In this guide, we’ll go through:

  • R basics

  • Popular visualization packages

  • Using the inbuilt plot() function

  • Plotting with ggplot2

  • Extending ggplot2 with GGally

And yes—we’ll look at code snippets you can try on your own! 🚀


Setting up R and RStudio

  1. Download R → Install from CRAN (Comprehensive R Archive Network).

  2. Download RStudio → Install from RStudio IDE.

  3. Open RStudio → You’ll see Console, Script editor, Environment, and Plots panel.
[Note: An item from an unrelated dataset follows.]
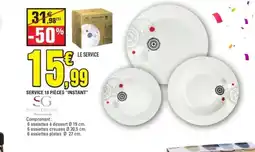 E.Leclerc Service 18 pièces instant offre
Now you’re ready to code in R! 🎉


R Basics

Here are some quick basics in R:

# Arithmetic
2 + 3      # 5
10 / 2     # 5

# Variables
x <- 5
y <- 10
x + y      # 15

# Vectors
numbers <- c(1, 2, 3, 4, 5)
mean(numbers)   # Average = 3

R is designed with statistics and visualization in mind, so plotting data is one of its strongest features.


R has a rich ecosystem of visualization libraries. Let’s look at the most popular ones:

  • Based on the Grammar of Graphics.

  • Highly customizable.

  • Example:

library(ggplot2)

data(mpg)  # Built-in dataset
ggplot(mpg, aes(x = displ, y = hwy, color = class)) +
  geom_point() +
  theme_minimal() +
  labs(title = "Engine Size vs Highway Mileage")

2. plotly (Interactive plots)

  • Creates interactive charts.

  • Great for dashboards.

library(plotly)

fig <- plot_ly(data = iris, x = ~Sepal.Length, y = ~Petal.Length,
               type = "scatter", mode = "markers", color = ~Species)
fig

3. lattice (Multi-panel plots)

  • Useful for conditioning plots (splitting data by categories).
library(lattice)

xyplot(mpg ~ wt | cyl, data = mtcars,
       main = "MPG vs Weight by Cylinders",
       xlab = "Car Weight", ylab = "Miles per Gallon")

4. leaflet (Maps in R 🌍)

  • Best for interactive maps.
library(leaflet)

leaflet() %>%
  addTiles() %>%
  addMarkers(lng = 77.5946, lat = 12.9716, popup = "Bangalore")

5. Others worth exploring

  • cowplot → Enhances ggplot layout.

  • highcharter → Interactive charts.

  • corrplot → Correlation matrix visualization.


Using the Inbuilt plot() Function

R comes with a very handy base function:

plot(mtcars$wt, mtcars$mpg,
     main = "Car Weight vs MPG",
     xlab = "Weight", ylab = "Miles per Gallon",
     col = "blue", pch = 19)

👉 Additional Features:

  • pch → point shape

  • col → colors

  • type → "l" for line, "p" for points, "b" for both

  • abline() → add regression lines

# Adding a regression line
model <- lm(mpg ~ wt, data = mtcars)
abline(model, col = "red", lwd = 2)

Plotting with ggplot2

ggplot2 is the powerhouse of visualization in R.

Example: Scatter Plot with Smooth Curve

ggplot(mpg, aes(x = displ, y = hwy, color = class)) +
  geom_point(size = 3) +
  geom_smooth(method = "lm", se = FALSE, color = "red") +
  theme_classic() +
  labs(title = "Displacement vs Highway Mileage",
       x = "Engine Displacement (L)", y = "Highway Mileage")

👉 Extras:

  • geom_histogram() for histograms

  • geom_boxplot() for boxplots

  • facet_wrap(~class) for multi-panel plots


Going Further: GGally Extension

GGally extends ggplot2 with additional functionality.

Example: Pairwise Scatter Plots (Great for EDA 🔍)

library(GGally)

# Pair plot of iris dataset
ggpairs(iris, aes(color = Species))

This generates a matrix of plots showing relationships between variables—super helpful in exploring datasets quickly.


Wrapping Up

  • R + RStudio = Perfect combo for beginners and professionals in data science.

  • Use base R plots (plot()) for quick visual checks.

  • Switch to ggplot2 for polished, publication-quality visuals.

  • Explore plotly, lattice, leaflet for interactivity, multi-panels, and maps.

  • Extend with GGally for advanced exploratory analysis.

📌 Visualization is a core skill in data science, and R provides some of the best tools available.

👉 Start with small datasets (like iris, mtcars, or mpg) and keep experimenting.